_Problem to solve_. Transcribe exactly the line with "Varroamilbe - Friedrich" and each line that follows it in the listing, down to the last, omitting all pictures.

(Given records begins)

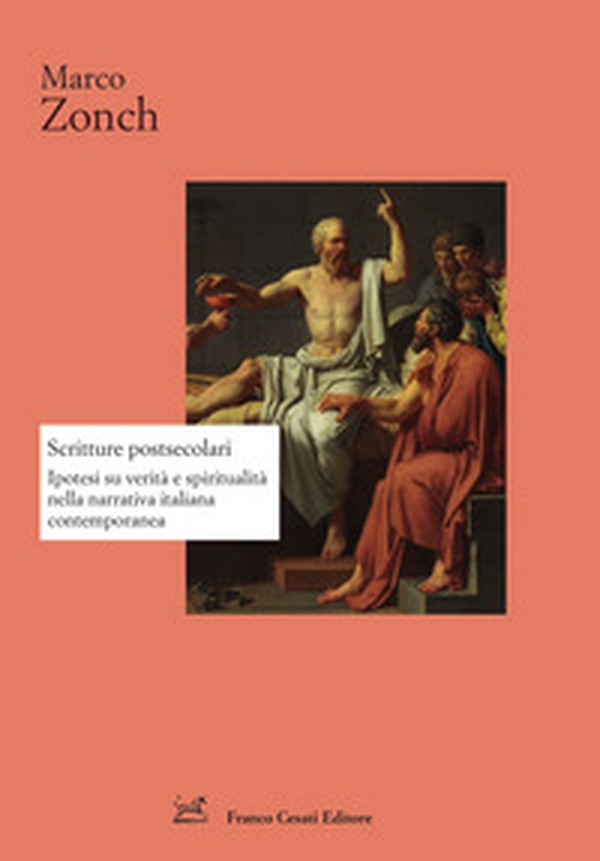 Scritture postsecolari. Ipotesi su verità e spiritualità nella narrativa italiana contemporanea - Librerie.coop Scritture postsecolari. Ipotesi su verità e spiritualità nella narrativa italiana contemporanea - Librerie.coop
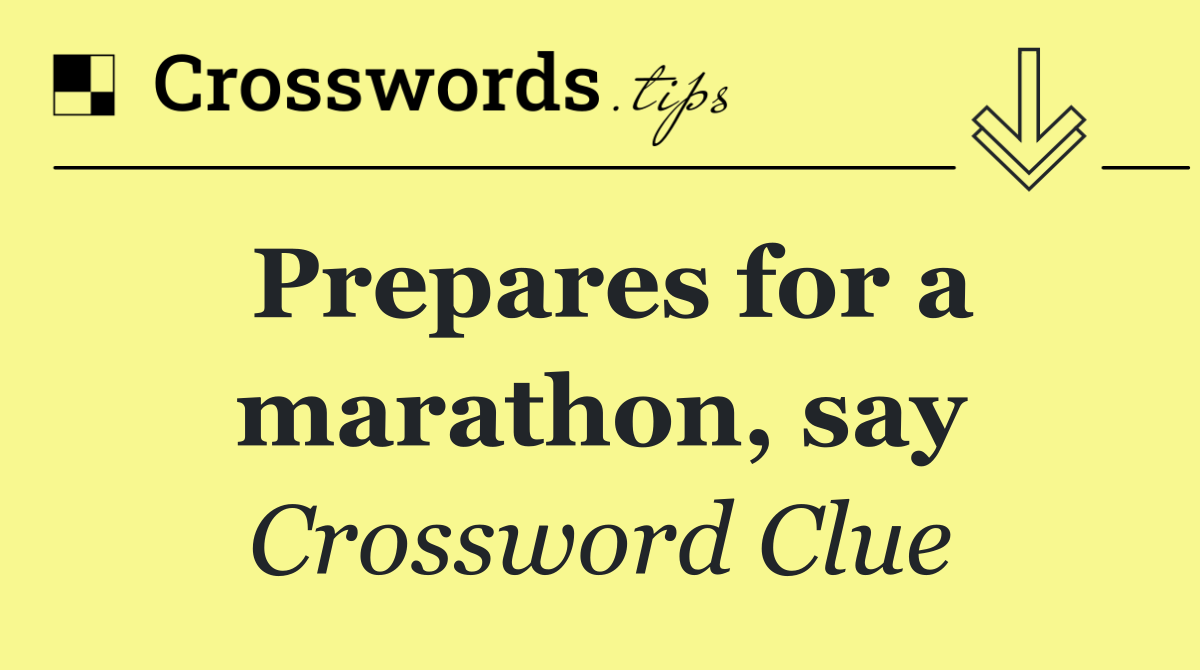 Prepares for a marathon, say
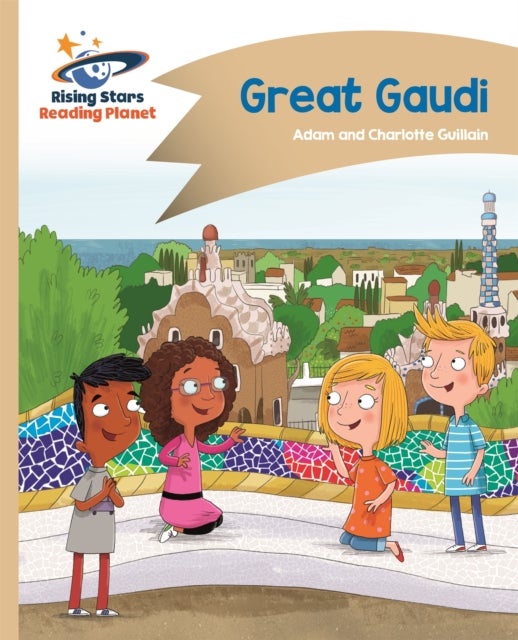 Reading Planet - Great Gaudi - Gold: Comet Street Kids av Adam Guillain, Charlotte Guillain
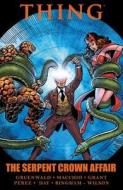 Thing: The Serpent Crown Affair di Ralph Macchio, Mark Gruenwald edito da Marvel Comics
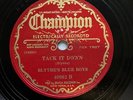JAZZ: STATE STREET RAMBLERS 'TACK IT DOWN/ SOME DO AND SOME DONT’ CHAMPION 78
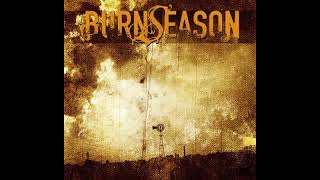 Burn Season - Walk Away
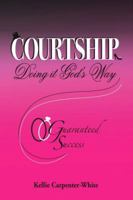 COURTSHIP Doing it God's Way Guaranteed Success 193358257X Book Cover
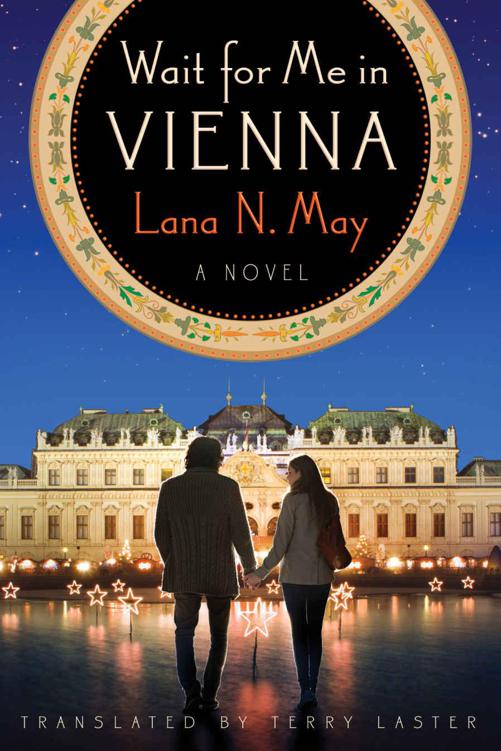 Wait for Me in Vienna by May, Lana N.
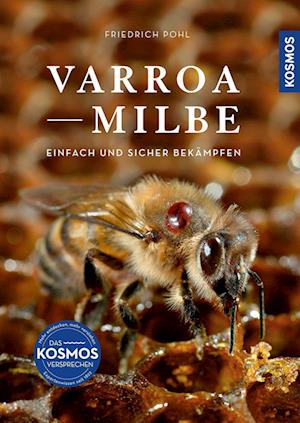 Varroamilbe - Friedrich Pohl - Livros - Kosmos - 9783440175651 - 20 de setembro de 2023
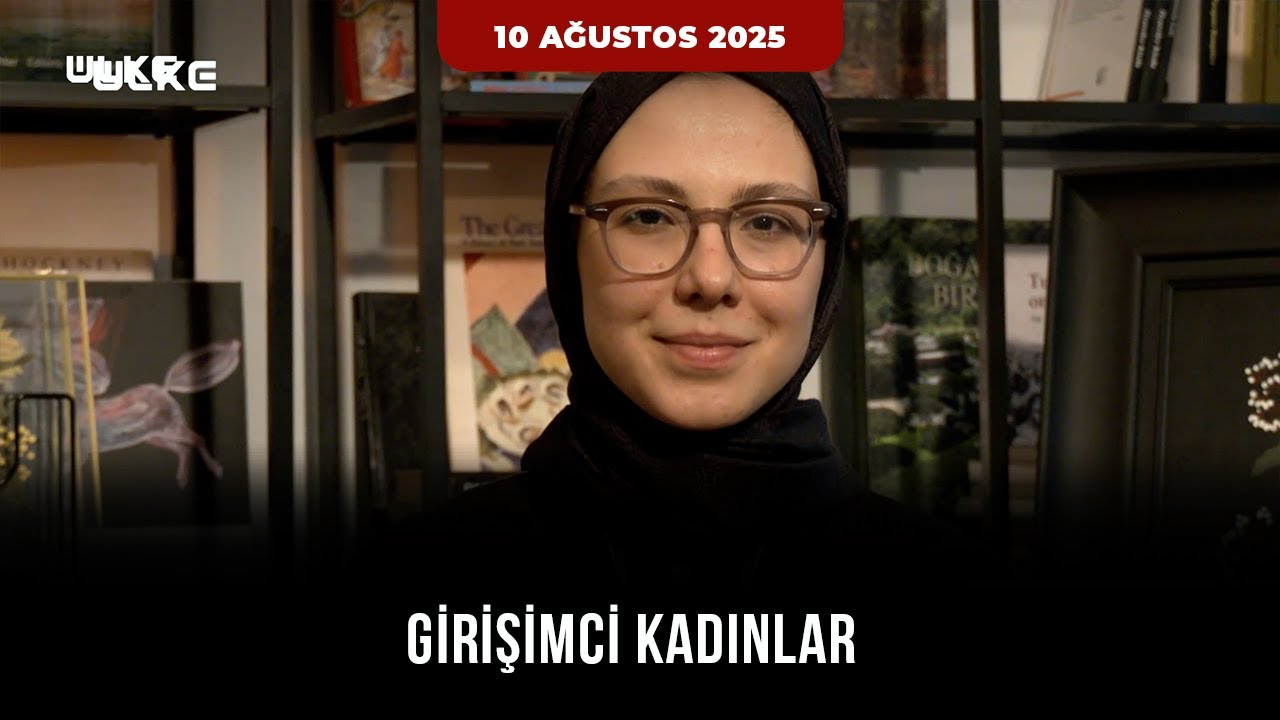Girişimci Kadınlar - 10 Ağustos 2025
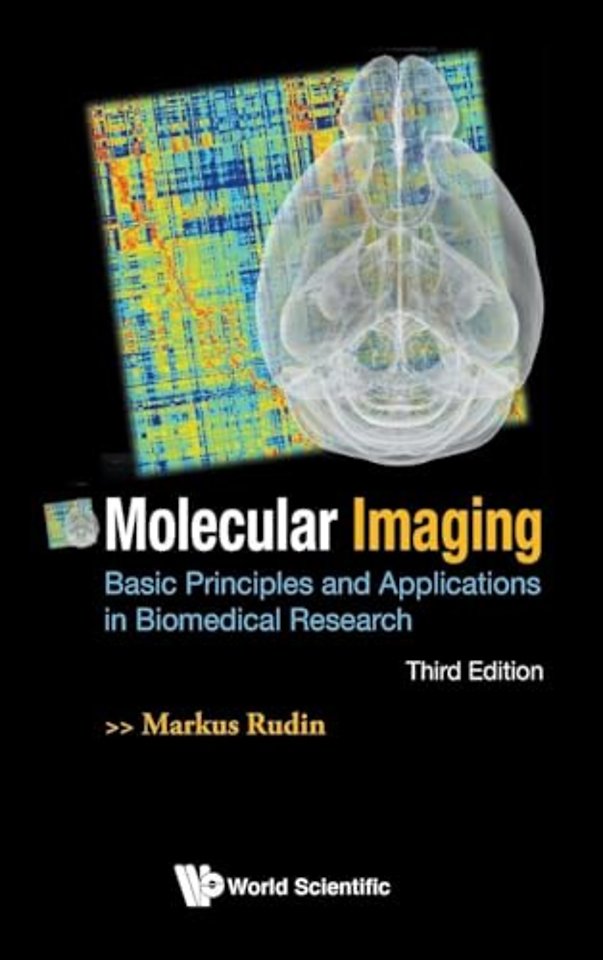 Molecular Imaging: Basic Principles And Applications In Biomedical Research (Third Edition)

(Given records ends)

_Answer space_.
 Varroamilbe - Friedrich Pohl - Livros - Kosmos - 9783440175651 - 20 de setembro de 2023
Girişimci Kadınlar - 10 Ağustos 2025
 Molecular Imaging: Basic Principles And Applications In Biomedical Research (Third Edition)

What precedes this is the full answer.